In his First Amended Complaint, Plaintiff names the City of San Diego as a Defendant and alleges that the City of San Diego violated his constitutional rights by failing to prosecute the medical marijuana dispensaries as an "illegal business." (FAC at 3.) A municipality may be liable under § 1983 for monetary, declaratory, or injunctive relief where a constitutional deprivation was caused by the implementation or execution of "a policy statement, ordinance, regulation, or decision officially adopted and promulgated by that body's officers." Monell, 436 U.S. at 690; Board of the County Comm'rs v. Brown, 520 U.S. 397, 403 (1997) ("[A] plaintiff must show that the municipal action was taken with the requisite degree of culpability and must demonstrate a direct causal link between the municipal action and the deprivation of federal rights."); Navarro v. Block, 72 F.3d 712, 714 (9th Cir. 1995).
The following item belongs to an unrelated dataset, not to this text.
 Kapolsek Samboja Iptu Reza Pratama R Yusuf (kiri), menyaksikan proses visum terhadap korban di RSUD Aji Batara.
Thus, to plead liability on behalf of a municipality, Plaintiff must allege: (1) he was deprived of a constitutional right; (2) the municipality had a policy; (3) the policy amounted to deliberate indifference to plaintiff's constitutional right; and (4) the policy was the "moving force behind the constitutional violation." Van Ort v. Estate of Stanewich, 92 F.3d 831, 835 (9th Cir. 1996); Brown, 520 U.S. at 404; Trevino v. Gates, 99 F.3d 911, 918 (9th Cir. 1996). Plaintiff must also allege facts showing that his injury was caused by individual municipal officers whose conduct both violated the constitution and conformed to an official municipal policy, custom or practice. See Karim-Panahi v. Los Angeles Police Dep't, 839 F.2d 621, 624 (9th Cir. 1988). Plaintiff's First Amended Complaint does not identify any individuals employed by the City of San Diego as Defendants.
CONCLUSION AND ORDER
IT IS HEREBY ORDERED that:
1. Plaintiff's Motion for Appointment of Counsel [ECF Doc. No.6] is DENIED. IT IS FURTHER ORDERED that:
2. Plaintiff's First Amended Complaint is DISMISSED without prejudice for failing to state a claim upon which relief may be granted pursuant to 28 U.S.C. § 1915(e)(2)(B) and § 1915A(b). However, Plaintiff is further GRANTED forty five (45) days leave from the date this Order is filed in which to file a Second Amended Complaint if he can cure the deficiencies of pleading noted above. Plaintiff's Amended Complaint must be complete in itself without reference to his original pleading. See S.D. CAL. CIVLR 15.1. Any Defendant not named and any claim not re-alleged in the Amended Complaint will be considered waived. See King v. Atiyeh, 814 F.2d 565, 567 (9th Cir. 1987).